SUPPLIED DATA:
- Opening Delimiter -
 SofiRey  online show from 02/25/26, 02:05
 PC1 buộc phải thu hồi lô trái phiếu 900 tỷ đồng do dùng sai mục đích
- Closing Delimiter -
- Opening Delimiter -
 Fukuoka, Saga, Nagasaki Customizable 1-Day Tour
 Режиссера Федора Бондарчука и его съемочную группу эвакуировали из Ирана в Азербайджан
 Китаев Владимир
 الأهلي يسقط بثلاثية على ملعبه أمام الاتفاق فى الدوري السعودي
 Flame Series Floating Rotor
- Closing Delimiter -
- Opening Delimiter -
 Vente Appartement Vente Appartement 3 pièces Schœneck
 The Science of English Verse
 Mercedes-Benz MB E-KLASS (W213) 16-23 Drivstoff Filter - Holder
- Closing Delimiter -
ASSIGNED TASK: In the listing above, transcribe exactly everything from the line containing "Режиссера Федора Бондарчука" down to the line containing "Flame Series Floating Rotor", including both and nothing more.

SOLUTION TO THIS EXERCISE:
 Режиссера Федора Бондарчука и его съемочную группу эвакуировали из Ирана в Азербайджан
 Китаев Владимир
 الأهلي يسقط بثلاثية على ملعبه أمام الاتفاق فى الدوري السعودي
 Flame Series Floating Rotor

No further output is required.